Information provided:
---------------
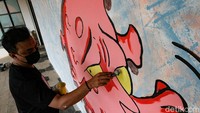 Seorang seniman tengah mengerjakan mural di Rumah Lawan COVID-19 (RLC) Tangsel, Selasa (22/6/2021).  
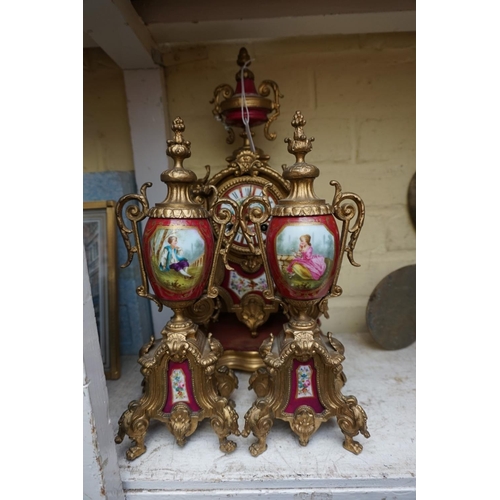 1247 - A gilt spelter and porcelain mounted clock garniture, the clock 37cm high, with pendulum. ... 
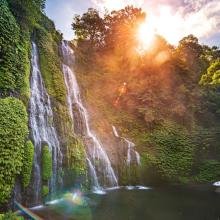 Sunlit waterfall cascades down lush, green cliffs surrounded by dense forest, with sunlight creating a warm, serene atmosphere and lens flares.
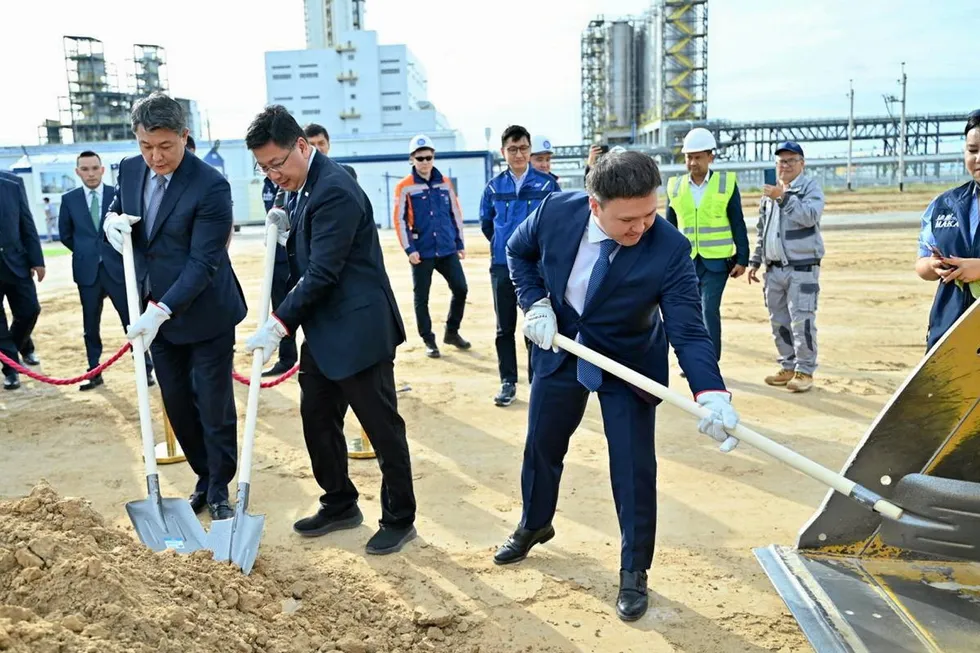 Kazakh governmental officials and executives from country's state oil and gas holding KazMunayGaz at the groundbreaking ceremony for a gas-to-polyethylene project in Kazakhstan.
---------------
Once the pictures are set aside, retype the rest of the listing exactly.

 Seorang seniman tengah mengerjakan mural di Rumah Lawan COVID-19 (RLC) Tangsel, Selasa (22/6/2021).  
 1247 - A gilt spelter and porcelain mounted clock garniture, the clock 37cm high, with pendulum. ... 
 Sunlit waterfall cascades down lush, green cliffs surrounded by dense forest, with sunlight creating a warm, serene atmosphere and lens flares.
 Kazakh governmental officials and executives from country's state oil and gas holding KazMunayGaz at the groundbreaking ceremony for a gas-to-polyethylene project in Kazakhstan.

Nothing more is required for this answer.